On the morning of May 31, Americans woke up to a flood of media reports about a deadly Israeli raid on a Gaza-bound humanitarian flotilla, and Israel’s liberal supporters in the United States immediately found themselves in a familiar bind. On one hand, pro-Israel hardliners called on liberal Zionists to take a firm stand in support of Israel’s actions, warning—as one neoconservative critic put it—that to do otherwise would mark them as “at best, fair-weather friends and, at worst, little different from open anti-Zionists who implicitly support [Hamas]’s goal of eliminating the Jewish state.” On the other hand, critics of Israel’s ongoing blockade of Gaza called on these liberals to denounce not merely the tactical wisdom of the raid but the morality of the blockade itself. Most liberal Zionists proved characteristically unwilling to get behind either alternative. While a few spoke out against the siege of Gaza, the majority restricted themselves to familiar admonitions that the raid was “unwise” and “counterproductive” even if the intentions behind it were blameless.

It was a classic illustration of the liberal Zionist predicament. In recent weeks this predicament has received an increased amount of attention, due in large part to a bracing and much-discussed essay by Peter Beinart—a former editor of The New Republic, the very citadel of American pro-Israel orthodoxy—in which he sounded the alarm on the plummeting levels of support for Israel among younger American Jews. “For several decades, the Jewish establishment has asked American Jews to check their liberalism at Zionism’s door,” Beinart wrote, “and now, to their horror, they are finding that many young Jews have checked their Zionism instead.” Similar concerns led to the formation in 2008 of J Street, a lobby group that aims to represent the views of liberal Jews and serve as a counterweight to traditionally right-leaning groups like AIPAC. If current trends continue, American Jewish attitudes toward Israel may ultimately be transformed in a way unseen since the bulk of the community first got on board with Zionism, in the wake of the 1967 Six-Day War.
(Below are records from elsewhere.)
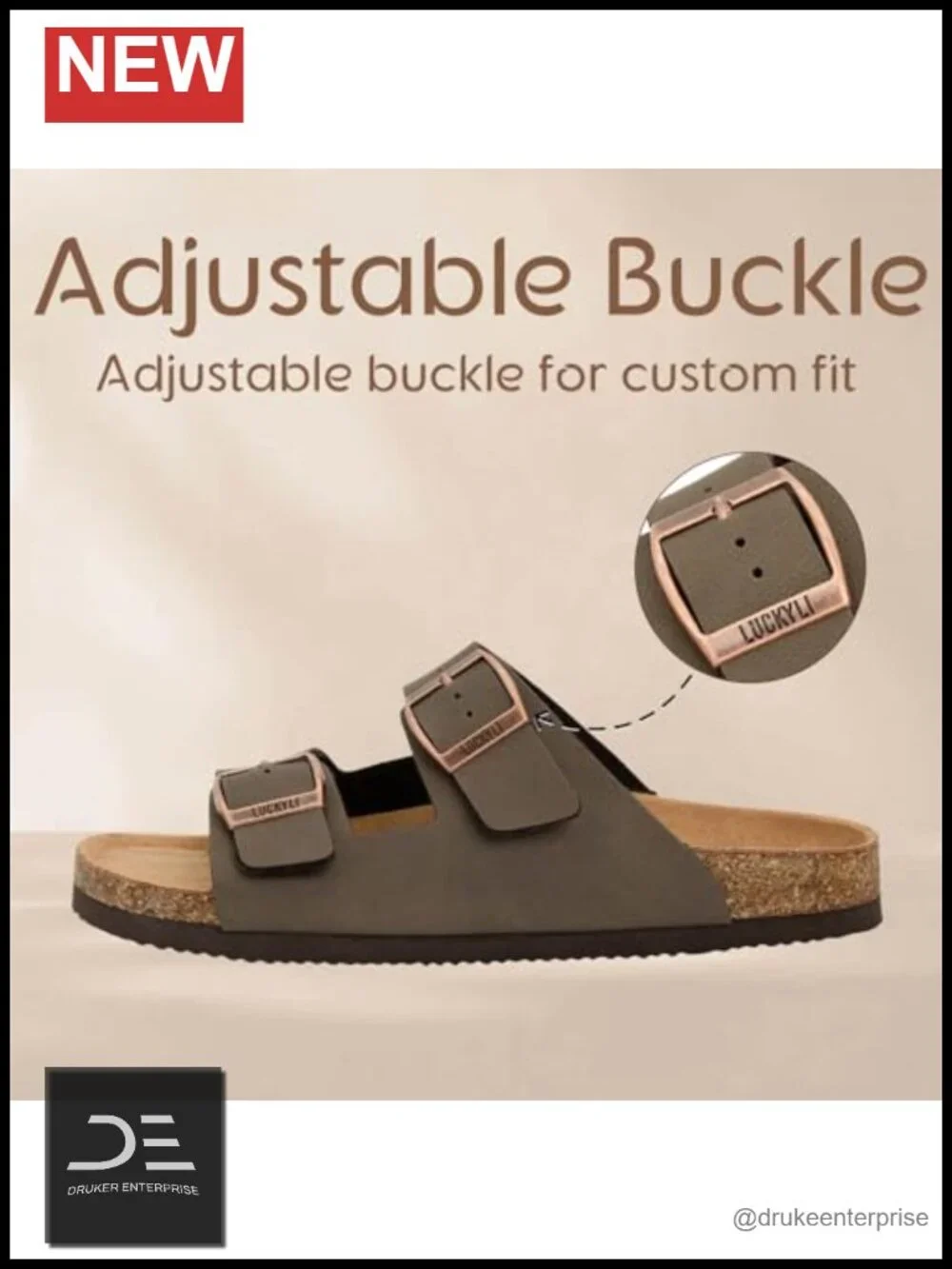 Kids Cork Footbed Slide Sandals with Memory Foam Adjustable Straps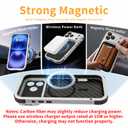 DGYSG Carbon Fiber Case for iPhone 17 Pro Max Compatible with Magsafe, Luxury Aluminum Metal with Silicone Bumper Heavy Duty Military Protection Cover with Camera Lens Protector Stand, Titanium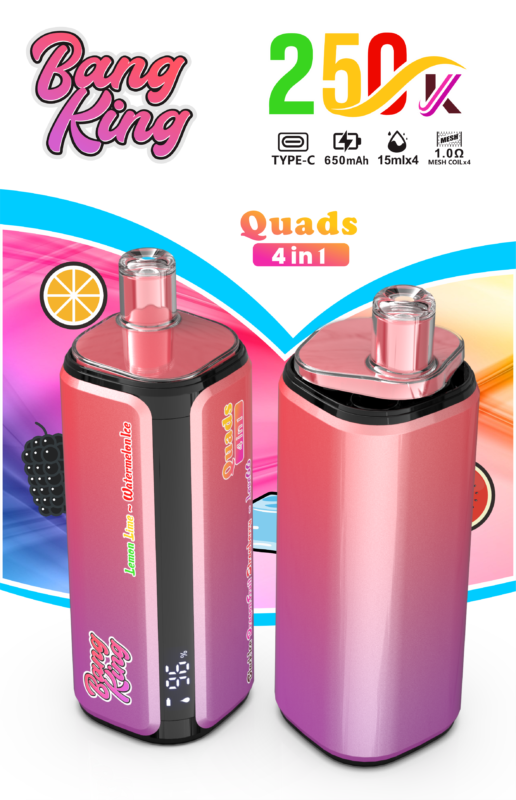 Bang King 250 000 zaciągnięć 4 w 1: cytryna, limonka, arbuz, lód, czarny lód, smoczy owoc, truskawka, Love 66 – 100vaping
How can liberal Zionism be saved? For those aiming to revive the form of American liberal Zionism that marked the generation that came of age after the 1967 war, it is tempting to blame its decline on a betrayal by outside forces. On this logic the collapse of support has been caused by Israel’s own shift to the right in recent years—epitomized by the rise of Foreign Minister Avigdor Lieberman—a shift aided and abetted by a right-leaning institutional leadership of the American Jewish community that refuses to criticize Israel under any circumstances. Resuscitating liberal Zionism, this argument goes, will thereby involve siding with Israeli moderates while speaking out against settlers abroad and neoconservatives at home.

But can liberal Zionism, at least in the form that has dominated American Jewish life for decades, be saved at all? And should it be? These are harder questions but may ultimately be more important ones. It may be emotionally satisfying to posit a blameless liberal Zionism betrayed by outside forces, or to suppose that younger Jews are reacting only against the right and not liberal Zionism itself, but it is not clear that either claim is true. For one thing, Benjamin Netanyahu and Avigdor Lieberman undoubtedly make good villains, but the aspects of Israeli politics that have alienated U.S. liberals go deeper than the current right-wing government. (To take only the most recent example, it was not the nefarious Netanyahu or the loathsome Lieberman who brought us the attack on Gaza, but rather the supposed “good guys”: Ehud Olmert, Ehud Barak, and Tzipi Livni.)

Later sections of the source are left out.